When I first graduated from college and had no money, my husband and I moved into a low-rent area just outside College Park, MD, one of the original suburbs of DC. I remember being weighed down with a sense of gloom that I had never felt before.
While the feeling was partially caused by the well-reported crimes that kept me from walking alone and made me watchful and wary, it had more to do with the terrifying ugliness of the area. To get to the Metro, I had to take an endless bus ride down an endless highway past rundown shopping plazas, all-you-can-eat restaurants, and pawn shops. I spent hours each day looking out windows at apartment complexes, weed-choked lots, bridge abutments, overflowing garbage cans. It made me feel empty and very alone. Even now, a quarter of a century later, I'm holding my breath as I recall living there. I can't remember the name of a single human being from that area, though we lived there for over a year.

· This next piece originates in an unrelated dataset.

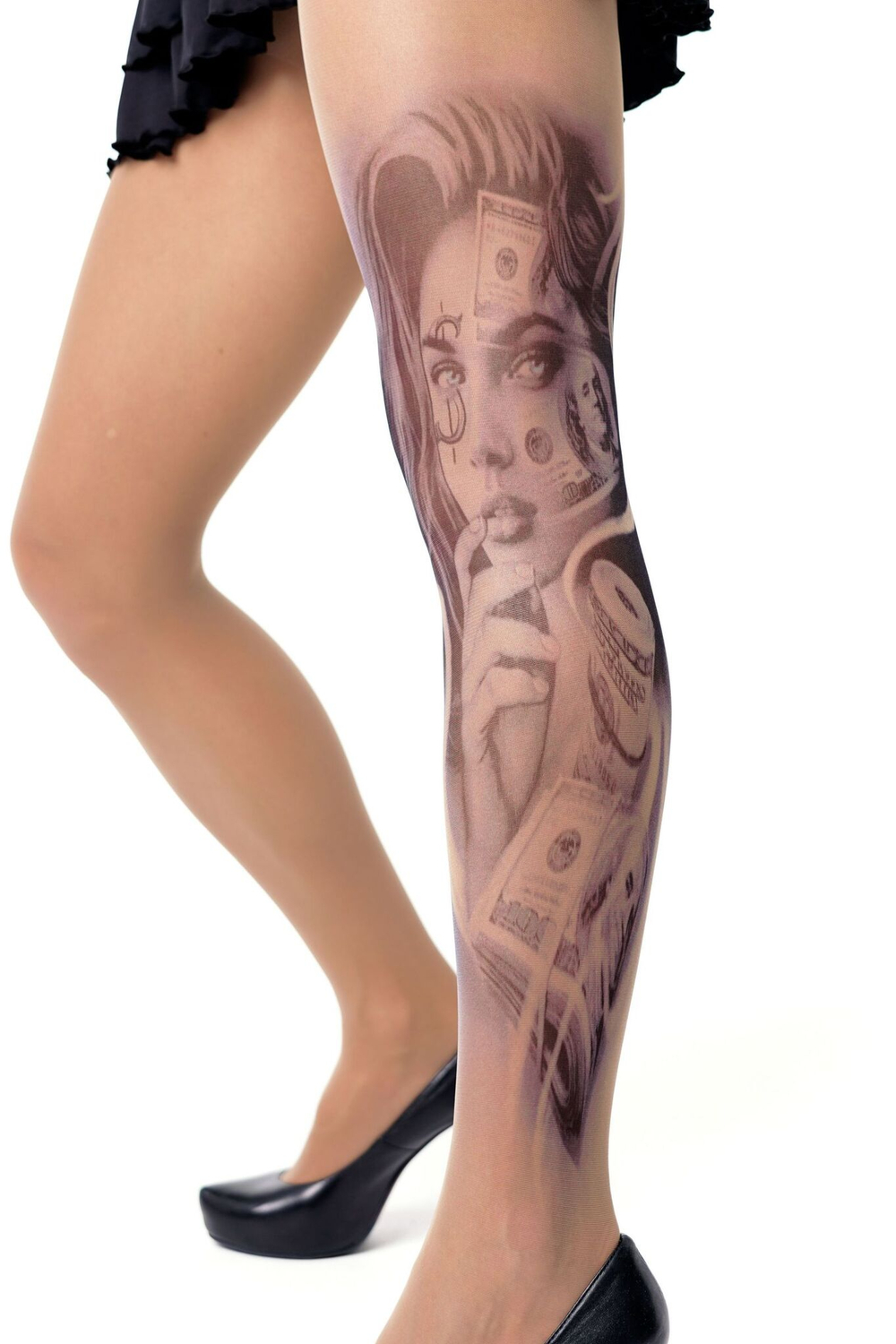 Колготки +size с принтом в виде женского лица в окружении купюр (Размер: XL-XXL-XXXL) (Цвет: бежевый)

We fled the area as soon as we were able. Perhaps the only people who ultimately stay in these aging No Places are those who cannot afford to flee to the tidier No Places being built farther out. And God only knows what damage is done to those people who have to face endless years of disconnection, alienation, and ugliness. Many of today's tidy suburban communities seem headed for the same fate, once the sidewalks begin to crack and the siding to peel. Instead of moving on to another burb, we somehow, for America's sake, need to find a way to bring beauty, connection, and care into what we've already created.